この誘導体としては上記化学式(2)に示した化合物の4,5,6位に、炭化水素基または酸素含有基などの置換基を有するものがある。好ましい置換基としては、炭素数1〜20の炭化水素基、炭素数1〜20のアルコキシ基および炭素数1〜20のエステル化物、より好ましくは炭素数1〜10の炭化水素基、炭素数1〜20のアルコキシ基および炭素数1〜10のエステル化物が挙げられる。これらの基については、上記に記載の通りである。なお、後述の化合物の誘導体についても同様である。たとえば、上記化学式(3)に示した化合物などの没食子酸のエステルや、上記化学式(2)の構造を1分子中に複数有する上記化学式(4)に示した化合物や該化合物の誘導体などがある。カテコール系タンニン、ピロガロール系タンニン、五倍子タンニン、没食子酸タンニン、フロロタンニンなどのタンニン類などが挙げられる。
このように、4,5,6位に導入する置換基は、それぞれの使用法にあった置換基を導入することができる。たとえば、エステル系の溶媒に溶かして使用する場合にはエステル基を導入し相溶性を高めることもできる。
本発明において、上記有機化合物(A)として、(i)没食子酸のエステルと、(ii)タンニン酸およびその誘導体から選ばれる少なくとも1種の化合物とを含むことが好ましく、(i)没食子酸のエステルと、(ii)タンニン酸を含むことがより好ましい。
没食子酸のエステルは、分子量が比較的小さいため、革または革製品からブリードし易いと考えられるが、タンニン酸の部分構造を有するため、還元力を維持しながら、タンニン酸およびその誘導体と好適に相互作用し、ブリードし難くなる。革または革製品中においても還元力があり、即効性が高い。還元力はアスコルビン酸ほどではないが、タンニン酸より還元力が高いため、アスコルビン酸が分解し還元力を喪失した後においても、長期にわたり還元力を発揮する(のちに6価へ酸化されたクロムイオンを再度還元することができる)。没食子酸のエステルは、革または革製品中において、汗や雨などの水分に対しても強く、分解されにくい。
タンニン酸およびその誘導体は、嵩高く、そもそもなめし処理に用いられるように、革または革製品中のコラーゲンなどに対して親和性がよいためブリードし難く、革および革製品中において長期にわたり還元力を維持できる。それゆえ、より長期にわたり、6価クロムの生成を抑制することができる。また、タンニン酸およびその誘導体は、ヒト(皮膚)に対して、低刺激性であるため、安全性が高い。還元力は、アスコルビン酸および没食子酸のエステルに比べて遅効性であるが、革および革製品と親和性が良く、分解されにくいため、アスコルビン酸および没食子酸のエステルに比べて、革製品がその効用および目的を達するまで還元力を維持することができる。

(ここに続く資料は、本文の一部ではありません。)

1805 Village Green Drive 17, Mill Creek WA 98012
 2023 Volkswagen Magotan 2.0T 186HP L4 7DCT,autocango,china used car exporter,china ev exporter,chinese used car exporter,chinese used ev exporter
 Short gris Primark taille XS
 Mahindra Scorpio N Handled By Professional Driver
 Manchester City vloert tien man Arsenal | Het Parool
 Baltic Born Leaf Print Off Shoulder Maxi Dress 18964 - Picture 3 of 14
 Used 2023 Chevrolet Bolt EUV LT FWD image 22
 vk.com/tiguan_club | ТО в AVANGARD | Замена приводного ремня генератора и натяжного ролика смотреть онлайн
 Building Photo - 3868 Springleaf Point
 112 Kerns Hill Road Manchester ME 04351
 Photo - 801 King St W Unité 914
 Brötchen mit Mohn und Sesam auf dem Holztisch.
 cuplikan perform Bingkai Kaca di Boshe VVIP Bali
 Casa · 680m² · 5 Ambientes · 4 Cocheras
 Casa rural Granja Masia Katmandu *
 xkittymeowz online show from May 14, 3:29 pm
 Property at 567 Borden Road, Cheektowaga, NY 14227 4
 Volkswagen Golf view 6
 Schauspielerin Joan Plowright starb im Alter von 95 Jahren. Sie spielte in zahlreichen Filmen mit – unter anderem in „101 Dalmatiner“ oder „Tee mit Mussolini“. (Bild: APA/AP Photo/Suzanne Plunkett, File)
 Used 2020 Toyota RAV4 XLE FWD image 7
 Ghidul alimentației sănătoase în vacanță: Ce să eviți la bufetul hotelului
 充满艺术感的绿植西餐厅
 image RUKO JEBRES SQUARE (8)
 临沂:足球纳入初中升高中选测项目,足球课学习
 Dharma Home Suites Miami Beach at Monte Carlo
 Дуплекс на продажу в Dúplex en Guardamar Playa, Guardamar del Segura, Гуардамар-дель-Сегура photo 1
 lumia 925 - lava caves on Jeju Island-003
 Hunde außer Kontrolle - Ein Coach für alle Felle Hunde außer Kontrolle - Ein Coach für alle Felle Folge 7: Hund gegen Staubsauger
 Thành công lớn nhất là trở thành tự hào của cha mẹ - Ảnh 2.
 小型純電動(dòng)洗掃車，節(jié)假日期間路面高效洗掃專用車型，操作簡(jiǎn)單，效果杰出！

それゆえ、これらの化合物を含むと、革または革製品への浸透性が高く、長く革または革製品中に滞留でき、長期にわたり安定して還元することができる。さらに、ポリフェノール類は、還元性が強いため、褐変や色落ちが懸念されるが、これらの化合物は、色落ちの前に、革または革製品中に取り込まれるため、退色や変色し難く、革または革製品の色味や風合いを損なうおそれが少ないため、好ましい。
また、上記化学式(2)では、1位、2位、3位に水酸基を有しているが、同様に1位、2位、4位に水酸基が導入された骨格(上記化学式(5))、1位、3位、5位に水酸基が導入された骨格(上記化学式(6))の化合物についても同様の効果がある。また、誘導体についても同様の効果がある。
また、上記化学式(2)では1つの芳香族環に3つの水酸基が導入されているが、1つの水酸基を有する化合物または2つの水酸基を有する化合物についても同様に6価クロム除去機能を有する。この様な骨格としてはたとえば、フェノール、BHT、上記化学式(7)、上記化学式(8)、上記化学式(9)の化合物およびその誘導体がある。
芳香族環を複数結合した化合物に水酸基を有する化合物も同様の効果を有している。ナフタレン環に1つまたは、複数の水酸基を有するものなどが挙げられる。たとえば2つの水酸基を有する化合物としては上記化学式(10)、上記化学式(11)に示すものがある。この様な化合物の誘導体についても前述した化合物同様に6価クロム除去機能がある。
芳香族環が3つ連なったアントラセンに対して、水酸基を1つないし複数個任意の位置に導入した化合物についても同様の機能を示す。この様な化合物としては、たとえば上記化学式(12)に示す化合物がある。また、これらの誘導体についても同様に6価クロム除去機能を有している。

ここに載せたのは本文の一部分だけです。